4 de novembro de 2014

Rompantes de silêncios


Éramos dois a sós. Um ao outro em fúria. Ilegítimos vestígios de sensatez para um casal malfeito. Éramos sós a dois, do tipo que não se reconhece em qualquer imagem desleal que passa no quadrado de moldura branca - a tal da janela.
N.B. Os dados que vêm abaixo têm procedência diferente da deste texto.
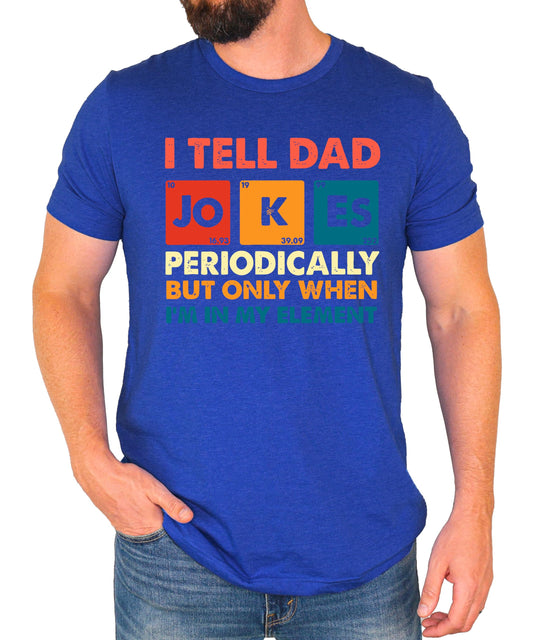 Close-up of I Tell Dad Jokes Periodically science graphic print on black t-shirt for men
O devaneio se orienta por não ter um pressuposto contínuo entre um e outro e por isso não tem olhos nos olhos possível, não tem toque de mãos sensíveis, não tem ilusões ancoradas em tempo e espaço.

Foi quando percebi que, mesmo assim, mesmo depois do nada, meu corpo debruçava para o dele, talvez como pressuposto para me contrair pela vontade, me redimir de tal carência, me sucumbir de vez na liberdade de estar dentro do outro.

Era um desmantelo, um ofuscar do olhar. 

E a utopia se descrevia assim: cheguei atrasado/você me espera/sorri ao me ver/me pega pela mão/me fala alguma coisa sobre "s a u d a d e d e s s e c h e i r o"/comprei seu ingresso/eu compro a pipoca/toquei sua mão sem querer/aperta meus dedos em resposta/nos olhamos///

Rompantes sinceros de apatia e de silêncios se coordenava com o jeito longe de perto do qual ele falava sobre vidas alheias. É que era a justificativa para dizer-se impedido e eu era como um macarrão que cozinhou demais, sem saber onde colocar os gestos.

Afinal, estava alí com braços esticados e coração aberto. E estava só!

*Ilustração: Vânia Medeiros

2 comentários:

Pequen(A)mar disse...

Lindo, gato. Viajei.

R.C. disse...

Depois... a sensação de nudez "almática".